The liquidity situation of NBFCs is showing some signs of improvement with the share of NBFCs and housing finance companies (HFCs) in total corporate bond issuances rising to 87.4 per cent in January 2019 from 53.6 per cent in the previous month, said a note by CARE Ratings.
However, equity analysts don't see much reason for cheer from the performance reported by NBFCs in the December quarter.
“Except for a few highly-rated and strong parent-backed NBFCs, most in the sector saw challenges in liquidity, cost of funds and also some ratings volatility. Several NBFCs need to re-align their borrowings to streamline their asset-liability profile. Most NBFCs face margin pressures, due to slower growth and higher funding costs,” analysts at Sharekhan said in a note.
Analysts said funding by mutual funds towards NBFCs is likely to remain muted.
“With new pressure points like loans against shares and corporate governance questions on some HFCs, risk-aversion by MFs in funding NBFCs/HFCs should continue,” analysts at Nomura said in a recent note.
The analysts added that MFs’ exposure to NBFCs and HFCs has declined from the peak of 42 per cent of the debt AUM in September last year to 35 per cent in January, 2019.
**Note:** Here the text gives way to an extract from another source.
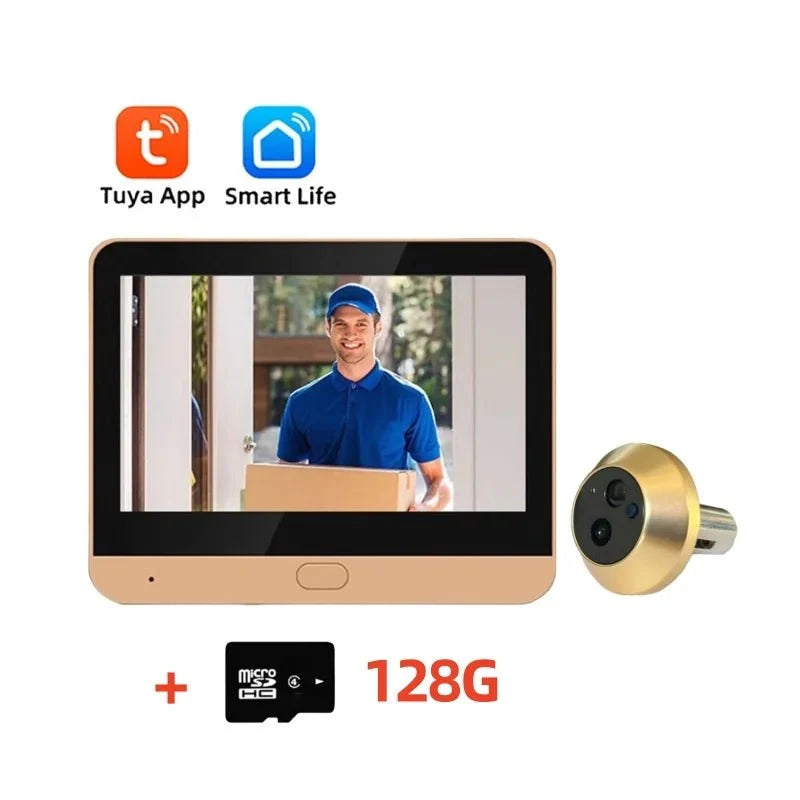 Tuya 3MP Wireless Peephole Camera LCD Screen Night Vision - stepyours.com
With the above decline in AUM exposure translating into a contraction of Rs 90,000 crore, this has opened up a large liquidity gap for NBFCs.
Bank credit -- another important avenue for funding for NBFCs -- has also seen a sharp drop in recent months.
According to the CARE Ratings note, the share of NBFCs in incremental bank credit has declined from 63.5 per cent in October to 6.5 per cent in December.